En République démocratique du Congo, ils sont plusieurs à croire que les personnes noires ne peuvent aucunement souffrir des troubles mentaux.
En matière de maladie mentale, tout tourne généralement autour des croyances mystiques et religieuses. Lorsqu'un individu traverse une crise, les gens ont souvent tendance à parler de sorcellerie, et ce, même s'il y existe suffisamment de preuves qu'il s'agit d'une maladie mentale.
Et suite aux propos entendus dans les rues, une explication est toute trouvée : "les noirs ne souffrent pas des maladies mentales", ce qui explique sans doute pourquoi peu de Congolais, voire aucun, ne consultent de psychiatres ou de psychologues. Il est de ce fait courant pour un individu qui va vers un spécialiste d’être indexé comme étant “quelqu’un qui veut faire quelque chose réservée aux blancs”.
Interrogé par CongoRassure, le psychologue-clinicien à l’Hôpital Général de Référence de Katwa, en ville de Butembo et assistant à l’Université Okapi de Mambasa, dans l’Est de la République Démocratique du Congo (RDC), Mumbere Wa Kakirania Erasme indique que c’est une fausse perception qui résulte des fausses informations qui circulent. D’après lui, les maladies mentales sont universelles et n’épargnent pas le monde noir.
“Les noirs sont concernés par les maladies mentales. Celles-Ci sont universelles et peuvent être contractées par tout le monde. Depuis la nuit de temps, les noirs se sont plus fiés à la conception mystico-religieuse des maladies mentales. Pour les noirs à l'occurrence les africains, lorsqu'on est atteint de la mentale, ça veut dire qu'on est plongé dans des pratiques démoniaques ou on a transgressé les interdits, on pense à la vengeance de l'esprit d'un ancêtre offensé”, explique-t-il.
A la question de savoir s'il existe des maladies mentales qui touchent spécifiquement certaines races et épargnent la communauté noire, le psychologue-clinicien a répondu par la négative. Selon lui, la maladie mentale touche tout le monde, et c'est le vécu de la maladie qui dépend du contexte socioculturel. "L'apparition de cette maladie dépend de certains facteurs selon que l'on se trouve dans tel ou tel endroit ou selon le mode de vie de telle ou telle race. Il n'y a pas de spécificité en matière de maladie mentale pour les Noirs ou les autres races. Les vulnérabilités, c'est le contexte qui prédispose aux facteurs de risque de la maladie mentale et qui entre en jeu pour justifier les vulnérabilités ou non de telle ou telle autre race", affirme Kakirania Erasme, pour mettre fin aux fausses informations qui circulent à ce sujet.
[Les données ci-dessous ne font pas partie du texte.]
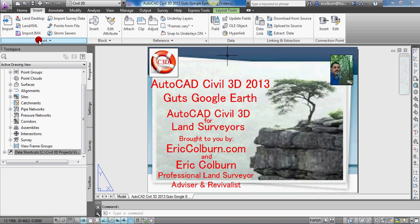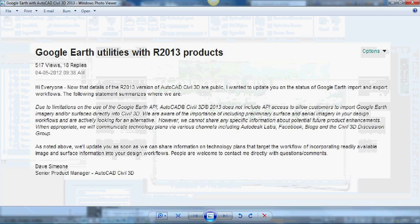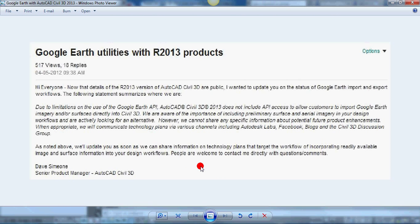I don't remember reading anything about Google Earth data not being included in any future releases of 2013. Maybe I missed something. So I did a Google search — oddly enough, isn't that ironic — on this issue, and I came up with a forum on Autodesk, where a senior product manager of AutoCAD Civil 3D posted a forum post entitled, "Google Earth Utilities with R 2013 Products."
Quant aux raisons profondes du manque d'attention des Noirs à leur bien-être psychologique et de leur réticence à consulter des spécialistes, Kakirania Erasme les explique : "Les gens commencent à peine à comprendre que les maladies mentales sont des maladies comme les autres. Par exemple, la dépression, la schizophrénie... Dans les grands centres urbains, même chez les Noirs, il existe désormais des services de santé mentale. Mais dans les régions reculées, les gens s'en remettent davantage à la médecine traditionnelle qu'à la médecine moderne, en particulier à la psychiatrie et à la psychologie.Avec cette conception mystico-religieuse, avec ce qu'elle comporte à savoir la spirito-psychothérapie et médico-psychothérapie, les gens recourent aux tradipraticiens”.
Comme conseils pratiques pour encourager la communauté noire, notamment les Congolais, à solliciter l'aide des psychiatres et des psychologues en cas de souci, le psychologue-clinicien Mumbere Wa Kakirania Erasme appelle les Congolais à reconsidérer le domaine de la santé mentale comme un domaine de la médecine au même titre que l'ophtalmologie et la cardiologie.
"Quand on a une maladie mentale il faut savoir qu'on a des problèmes qui ne seront pas résolus par les tradipraticiens", dit-il, soulignant que les bonnes personnes à contacter sont les spécialistes du domaine. “C'est cette culture que nous devons développer en nous-mêmes, en tant que Noirs, et cesser de croire tout ce que nous entendons”.
Retenez que les maladies mentales revêtent un caractère universel, c’est-à-dire affectent toutes les races. Chez les noirs, elles sont malheureusement caractérisées par une conception mystico-religieuse.Le psychologue-clinicien Mumbere Wa Kakirania Erasme conseille la consultation des spécialistes neuropsychiatres.